The database world has become a lot more interesting of late. A decade ago it seemed a pretty stable, almost dull, place: relational had won out over alternative approaches, and Oracle, IBM and Microsoft battled it out for market share of essentially a mature market.
Over the years there had been interesting diversions into other styles: enterprises had briefly flirted with object databases in the early 1990s but these fell by the wayside.
Traditional relational databases had been designed for OLTP systems, and attempts to produce different approaches for analytics mostly fell under the steamroller of the big relational vendors, with enterprises proving a conservative lot when it came to storing their data. Few now remember databases like Model 204.
At the turn of the millennium you could have been forgiven for thinking that the database market was settling in for a peaceful middle age.
You would have been wrong.
What has happened over the last decade or so is the dawning realisation that the steady advances in processing power and disk storage access speeds have simply not kept pace with the explosion of growth in data volumes.
Database expert Richard Wintertracks the world’s largest production data warehouse in regular surveys: in 2000 the largest data warehouse in his survey was a few terabtyes (TB).
By 2004 this had reached 30TB and was growing exponentially.
By 2008 Teradata had five customers with warehouses over 1000TB (a petabyte) in size.
Traditional row-oriented database structures, ideal for high-concurrency OLTP workloads, started to creak under the pressure of this tidal wave of data.
This has led to the rise of columnar data storage, pioneered by Sybase, which essentially turns the database on its side and works especially well for analytic workloads, allowing a lot of data compression, though with a penalty in data loading and concurrent access.

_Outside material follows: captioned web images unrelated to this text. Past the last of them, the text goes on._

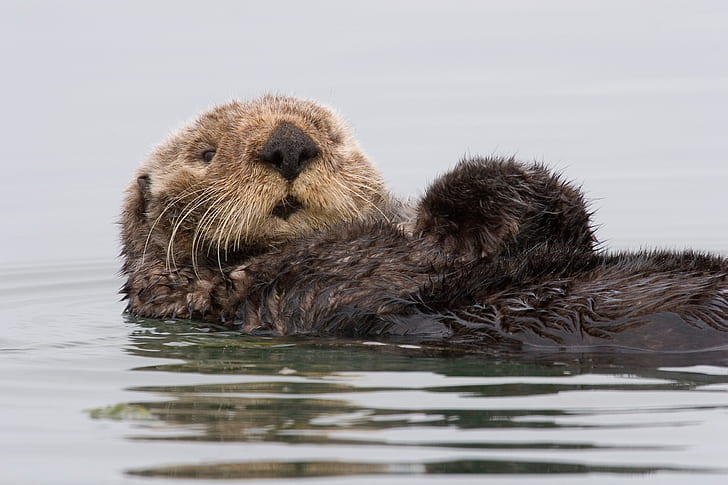 water, Kalan, CA, sea otter, HD wallpaper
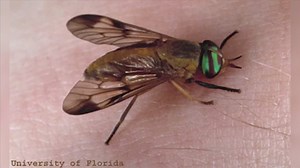 Yellow flies are here, here's how to protect your family and your pets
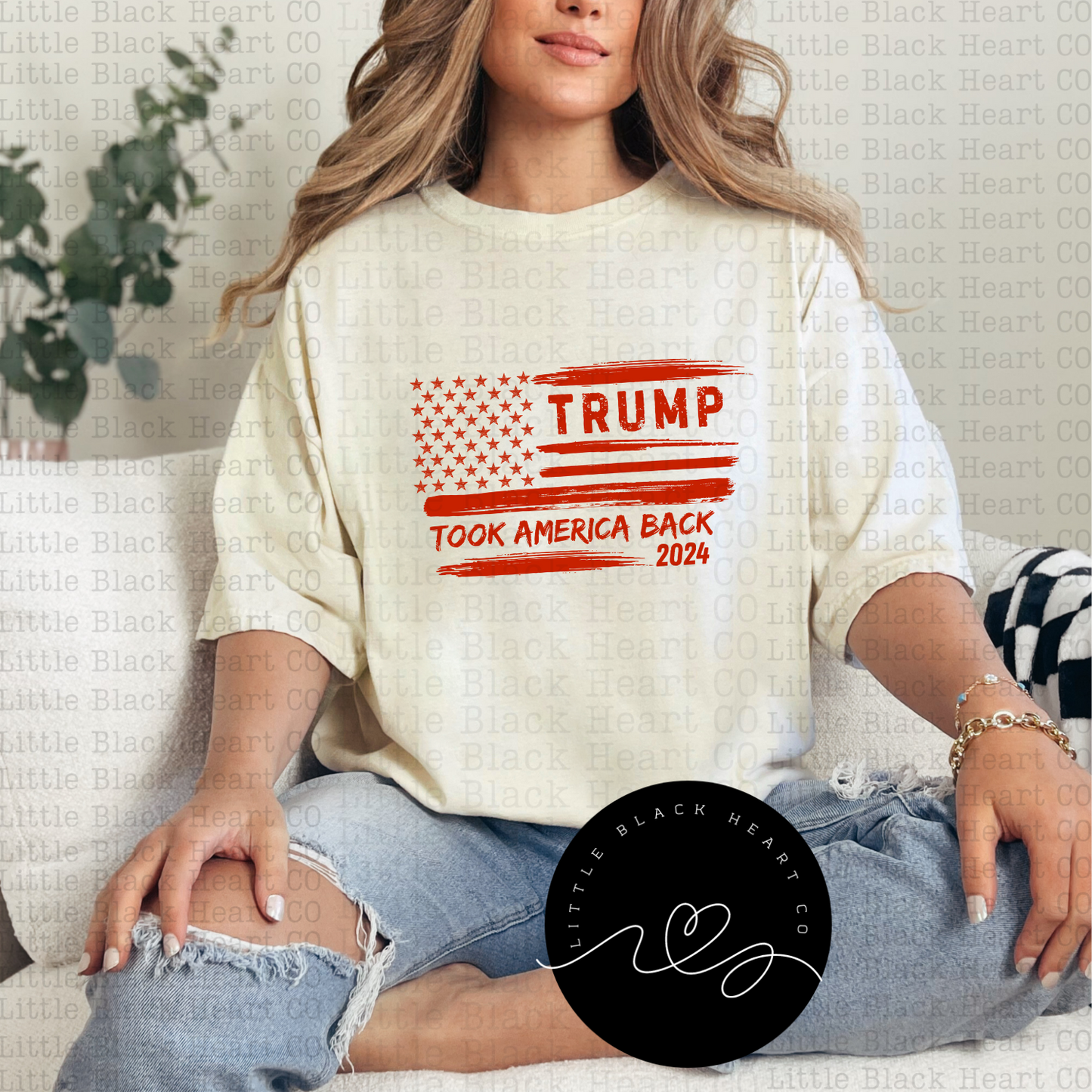 TRUMP TOOK AMERICA BACK 2024 TEES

Initially scorned by the traditional vendors, this approach has become more mainstream, with row-oriented databases now allowing a hybrid of row and column orientation depending on workload.
Sheer processing power is brought to bear through more use of MPP techniques in many of the newer database appliances.
Innovative hardware approaches have also been applied, for instance by Netezza with its FPGA accelerator. Solid state disks and cheaper memory have allowed more modest analytic volumes to be tackled differently, one example of the latter being SAP’s HANA product.
Unstructured data, like documents and web pages, have brought entirely different approaches, the most popular being the Hadoop initiative.
These bring with them new programming and file approaches but are powerful for certain workloads.
Database vendors have been scrambling to integrate such approaches in their own products, the Aster SQL-MapReduce being a pioneer in blending the structured data and Hadoop worlds.
There is even the somewhat controversial NoSQL movement, spawning a range of specialist databases that move away from traditional schemas through either XML databases or other storage structures.
All this presents a bewildering picture to enterprise customers struggling with the data explosion.
For me, the religious arguments between row and column orientation advocates are unhelpful: it is a technical argument about how best to address to a business problem and are confusing the market.
Imagine designing an ideal database optimiser.
It would constantly monitor the usage patterns of the database, identifying hot-spots and shifting the most commonly used data to whatever was the optimal storage mechanism: perhaps to memory or solid state disk, or deciding between a row or column approach depending on the workload characteristics.
Crucially, it would do all this without requiring manual intervention by a human database administrator.
The vendors of traditional databases can no longer rest on their laurels, but need to put more effort into improving their optimisers, hiding such issues from application programmers behind an intelligent, self-managing layer of software that reduces the bits and bytes arguments over rows versus columns to an optimiser decision.
The newer database vendors can do the same, though they also need to bring their products up to a similar level of maturity in reliability, security and administration which the older databases have built over the years.
May the best optimiser win.